In the last two installations, we discussed SECURE 2.0’s new required minimum distribution rules and changes designed to simplify plan administration. In this article, we explore the new student loan matching contribution opportunity for defined contribution plans, including 401(k) plans.
Currently, employers may only make matching contributions to a defined contribution plan based on an eligible employee’s contributions to their defined contribution retirement plan accounts. Unfortunately, some employees with student loan debt may not feel comfortable contributing to their retirement plan, especially early in their careers, because they need to use their current compensation to pay down their student loans. This dynamic may result in many employees missing out on employer matching contributions and losing significant value in their long-term retirement savings.
To help address this issue, some employers previously adopted innovative programs that provide additional non-elective contributions if eligible employees make qualifying loan repayments. However, because these programs do not involve real matching contributions and must be designed carefully to avoid violation of the contingent benefit rule under Internal Revenue Code (“Code”) Section 401(k)(4)(A), these non-elective contribution programs can be complicated to design, administer, and communicate. These programs also carry slightly more regulatory risk than a program that complies with statutory requirements because they are based on guidance provided in a 2018 Internal Revenue Service Private Letter Ruling (PLR) and PLRs may only be relied upon by the taxpayer to which they are issued.
Under a much-anticipated provision of SECURE 2.0, starting in 2024, employers may also make matching contributions to retirement plans governed by Code Section 401(k), 403(b), 457(b) government plans, and SIMPLE-IRA plans based on the employee’s qualified student loan payments.
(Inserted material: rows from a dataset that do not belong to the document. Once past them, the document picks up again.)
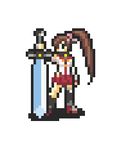  brown_hair crossover fire_emblem kantai_collection long_hair lowres lyndis_(fire_emblem) pixel_art ponytail rw skirt solo sword very_long_hair weapon yamato_(kantai_collection) 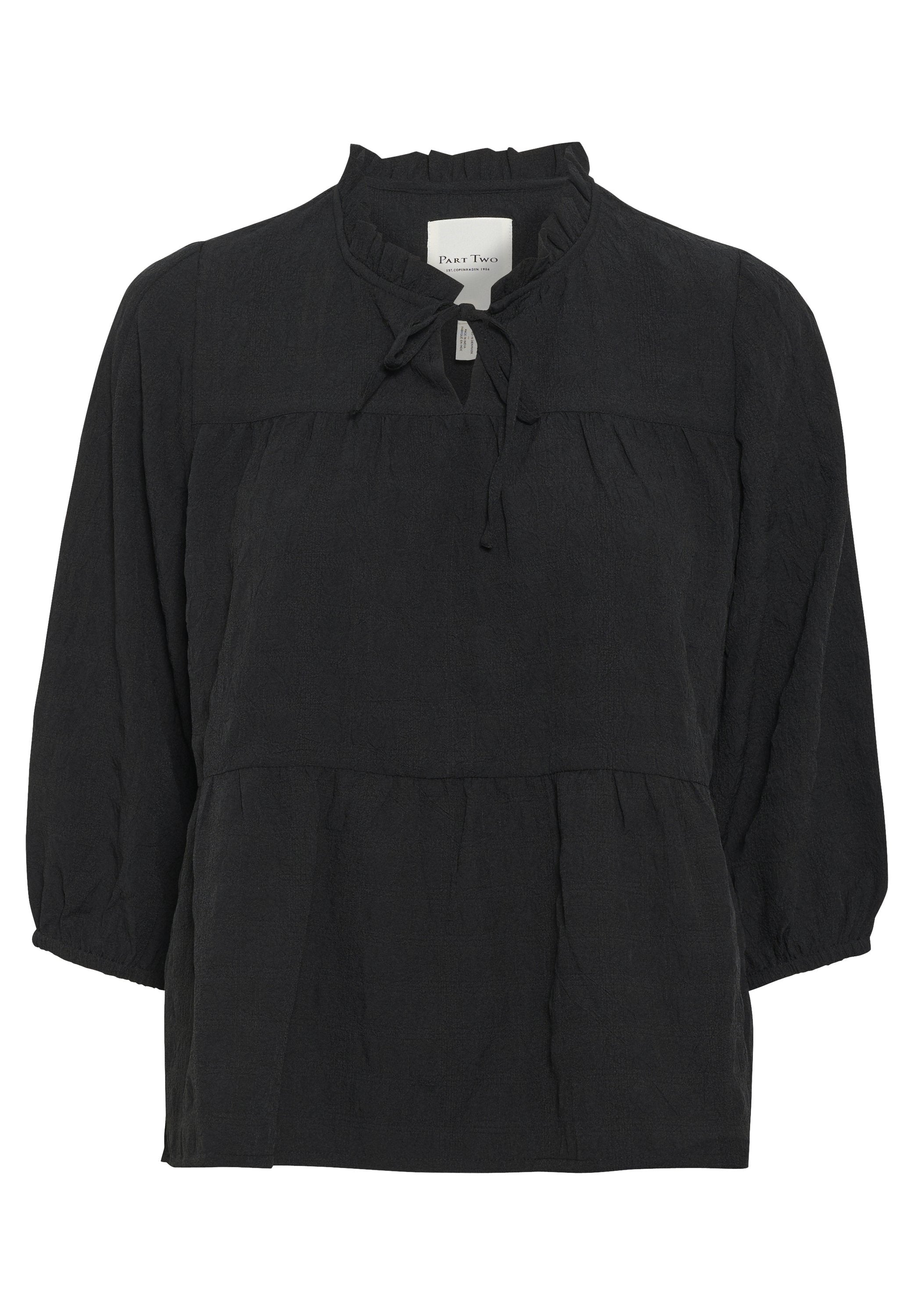 Schwarze Bluse aus strukturiertem Stoff mit Rüschensaum und bindbarem Vorderteil. Verfügt über Dreiviertelärmel und einen luftigen Oberteil mit gerafften Akzenten.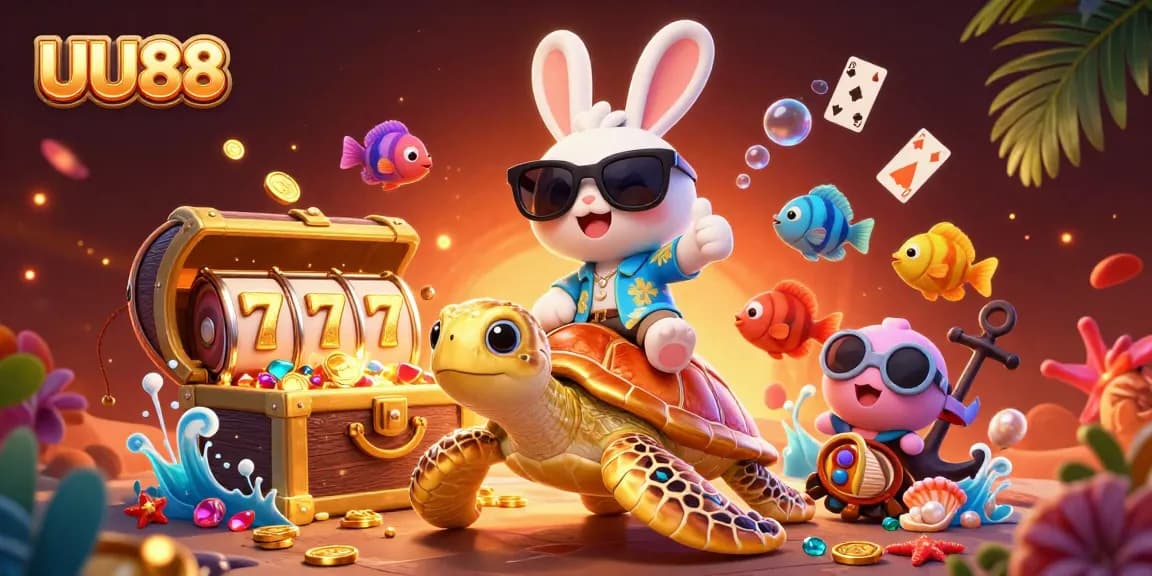 Experience thrilling gaming with UU88 in this vibrant underwater casino scene featuring rich treasures and fun characters.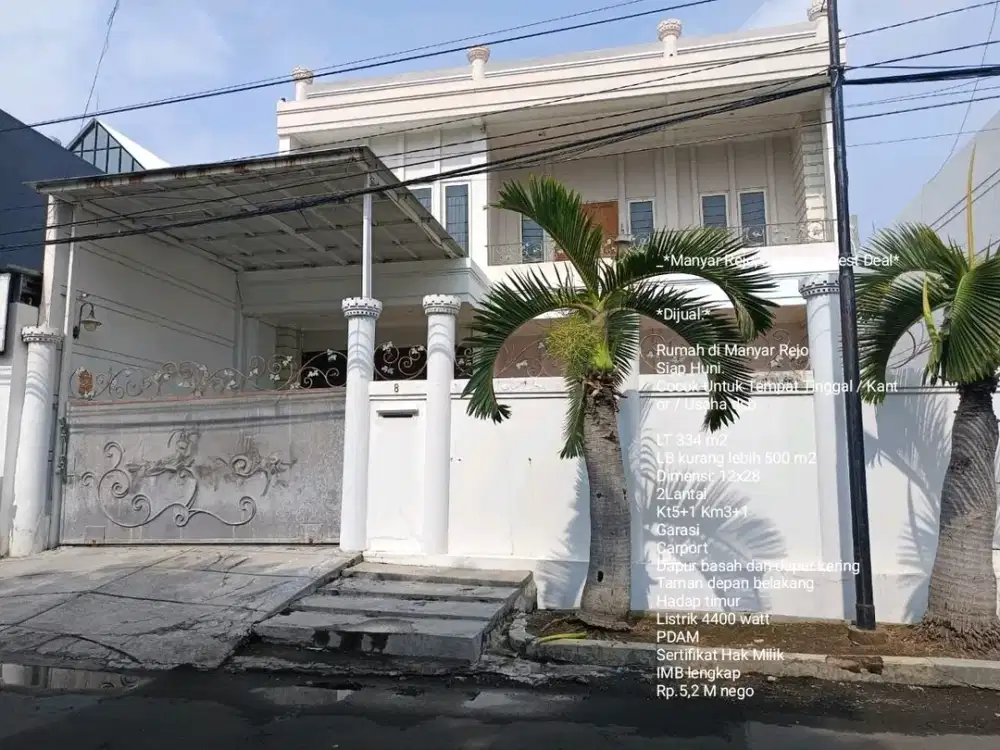 Dijual Rumah Mewah Manyar Surabaya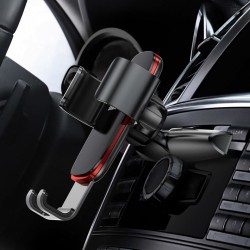 Suport auto cu rotire 360 pentru telefon cu prindere in fanta pentru CD , Baseus Metal Age Gravity , negru - Img 6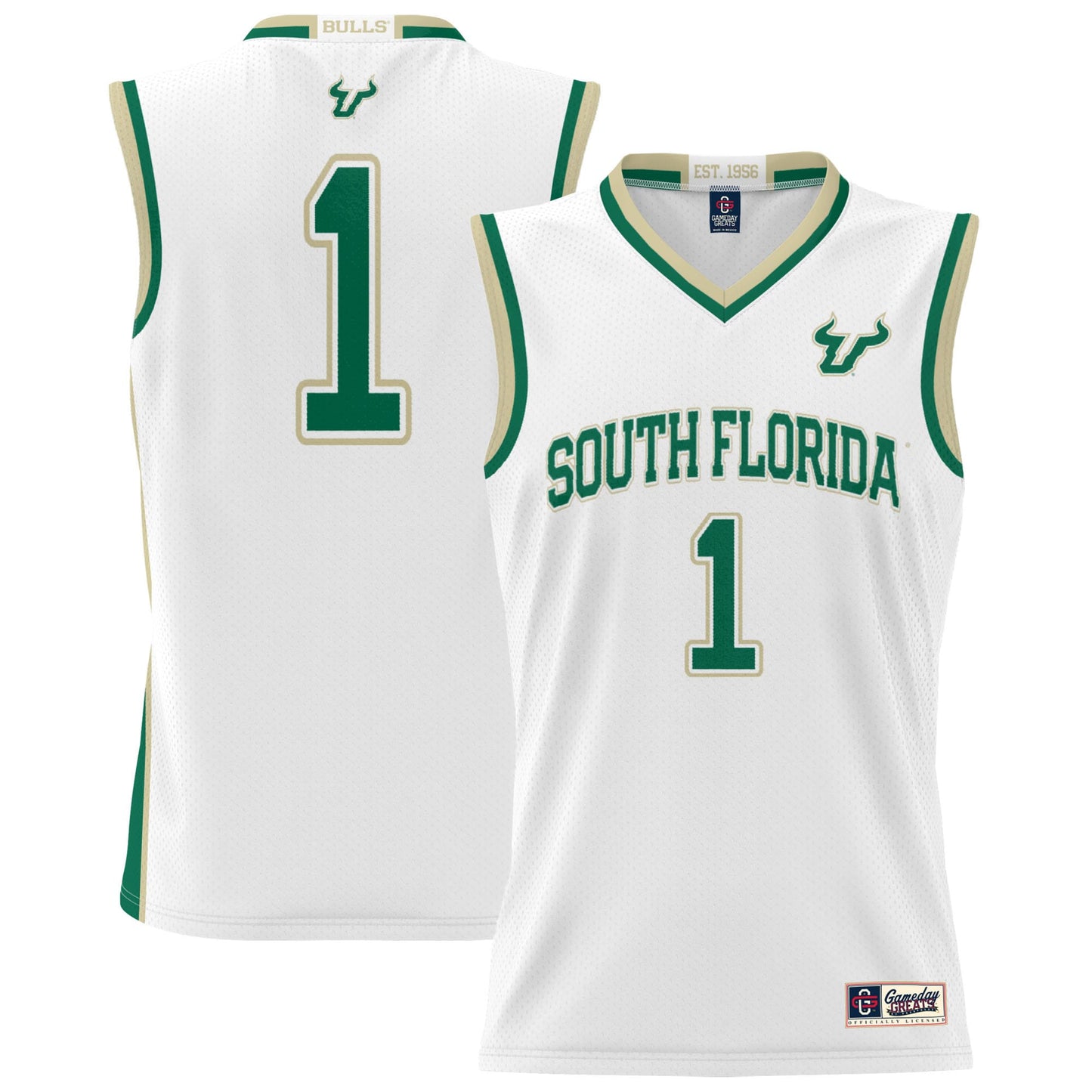 #1 South Florida Bulls GameDay Greats Unisex Lightweight Basketball Jersey - White | Stitched College Jersey TJS74638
In order to receive this new type of matching contribution, eligible employees must simply certify that eligible loan payments have been made on an annual basis—the plan sponsor is not required to conduct an independent review.
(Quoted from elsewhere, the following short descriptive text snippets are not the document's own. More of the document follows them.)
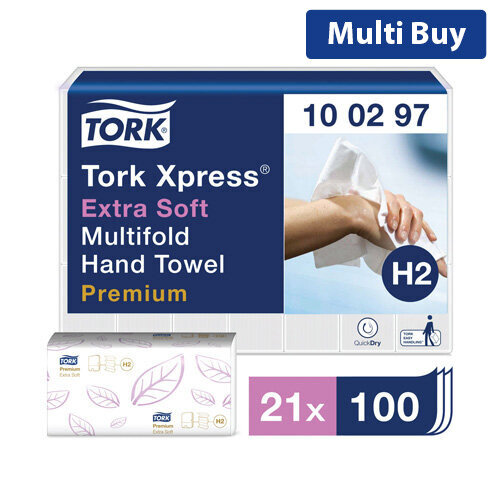 Tork Xpress Extra Soft Hand Paper Towels, 100 Towels Per Sleeve, 21 Sleeves (2955 Sheets, Ref 100297) - Soft and Absorbent Paper Towels for Hygienic Hand Drying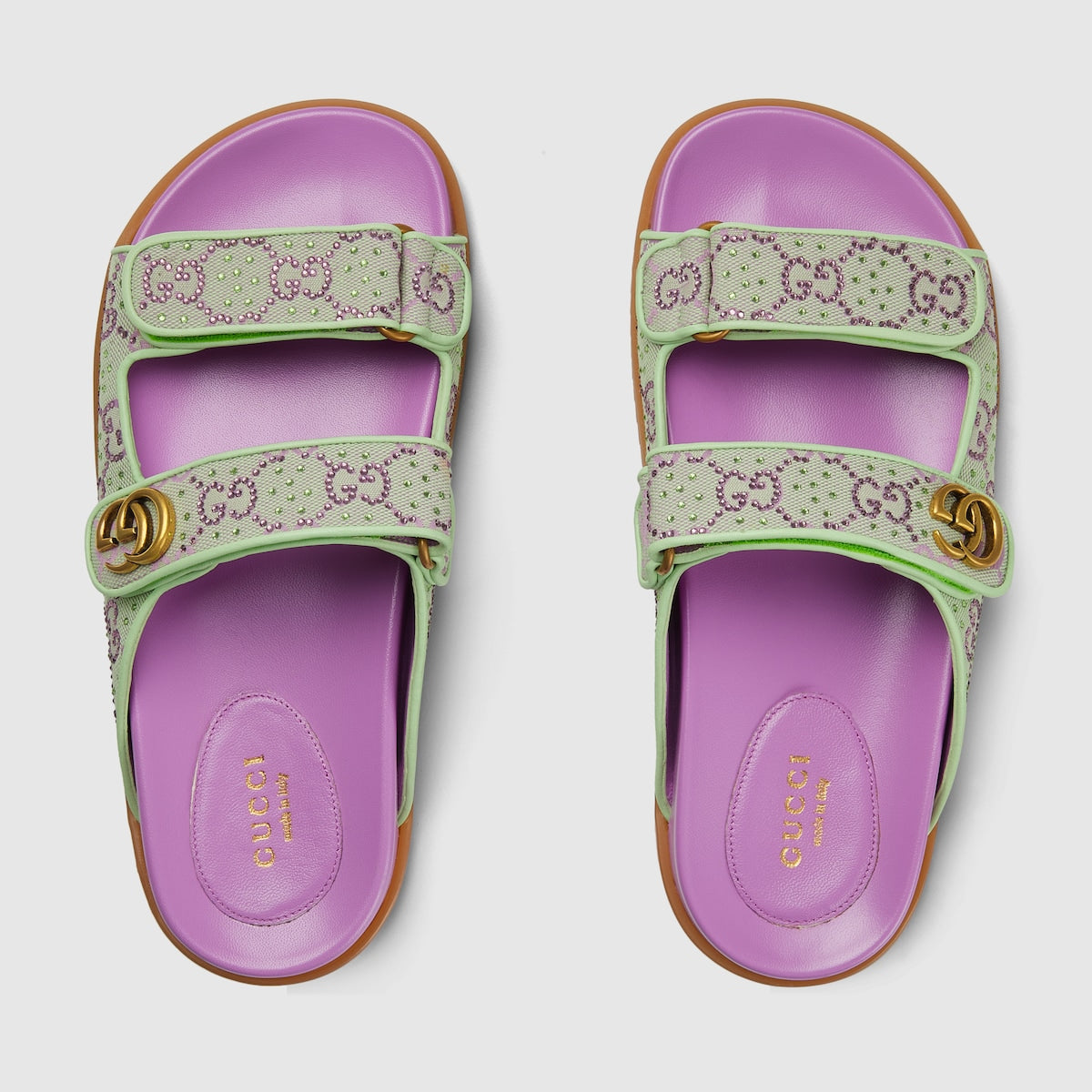 Sandal with Double G – lending a contemporary and sporty touch, these flat sandals with velcro straps offer – LUX VERSE Luxury Designer Fashion Outlet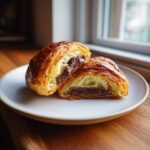 A flaky chocolate croissant cut in half, revealing melted chocolate filling, resting on a white plate.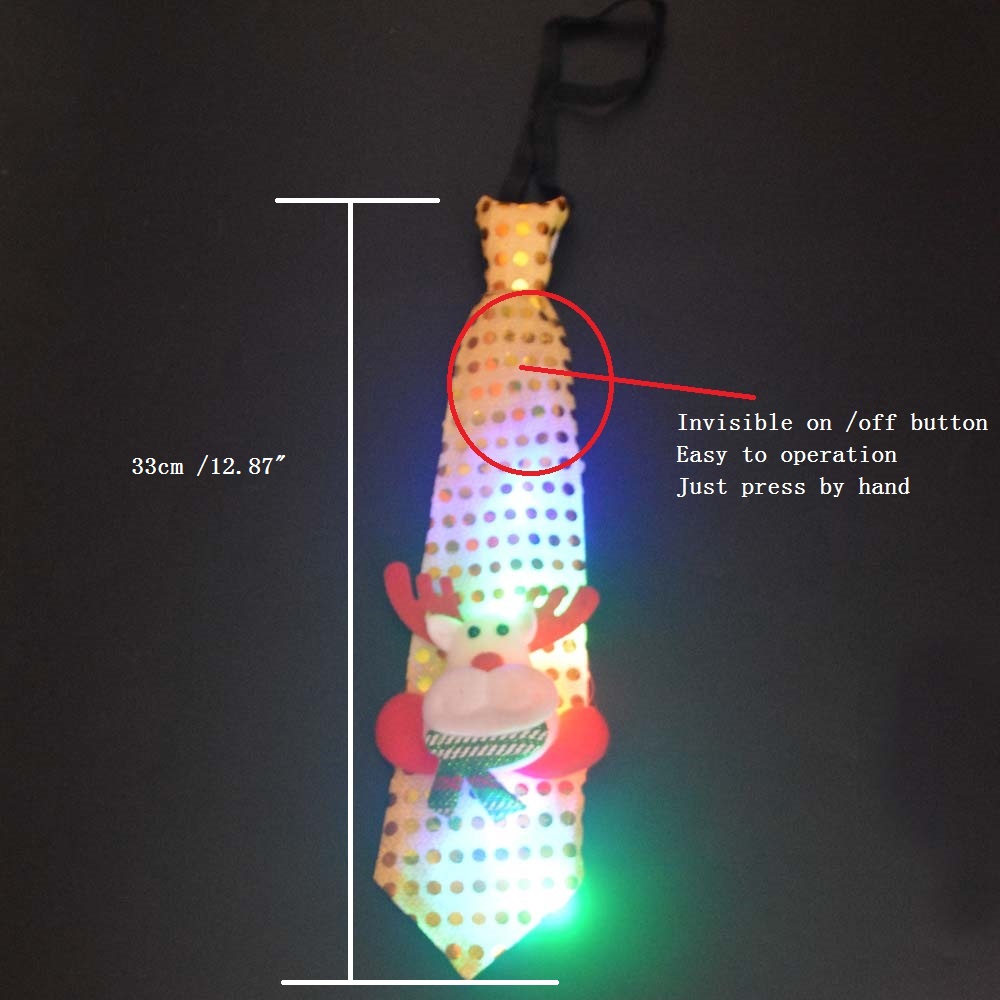 Led blinkande glödande julslips träd nyhet slips röd jultomte snögubbe jultomte älg halsslips för festival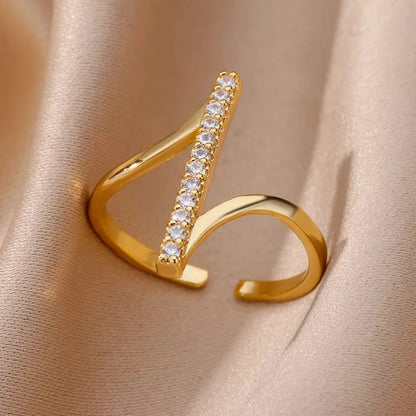 Gold Plated Zircon Open Ring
From a design perspective, the eligibility criteria, matching contribution rate, and vesting schedule applicable to student loan matching contributions must be the same as those that apply to the plan’s regular matching contributions, but the employer may deposit the matching contributions to the employee’s 401(k) plan account less frequently than regular matching contributions, as long as they are contributed at least annually. SECURE 2.0 also provides some limited relief for actual deferral percentage (ADP) testing and application of the Code Section 415 limit on annual additions. This will likely allow employers to integrate these new programs into their existing matching programs more easily than a new non-elective contribution and without having to worry about structuring the program to avoid violation of the (sometimes confusing) contingent benefit rule.
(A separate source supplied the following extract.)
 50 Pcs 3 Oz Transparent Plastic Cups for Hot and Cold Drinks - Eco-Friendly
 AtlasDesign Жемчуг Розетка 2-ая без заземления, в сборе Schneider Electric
While this new rule is a welcome expansion of the existing matching contribution rules under the Code, some questions remain, including:
- What types of loans will qualify—loans for the employee’s education only or any student loan in the employee’s name for which they are or could become financially responsible (e.g., parent plus loans)?
- SECURE 2.0 provides that a student loan matching contribution program must be made available to all employees who are eligible for regular matching contributions. Will plan sponsors be permitted to make exceptions for collectively bargained employees and/or highly compensated employees?
- May plan sponsors use narrower definitions of qualified student loan payments?
- Will plan sponsors be permitted to impose more stringent documentation requirements on employees?
- Is there overlap with Federal student loan forgiveness that makes this type of program less attractive?
Plan sponsors are hopeful that the Internal Revenue Service will provide answers to these questions and other similar issues when the regulations are issued, which is expected to be later this year.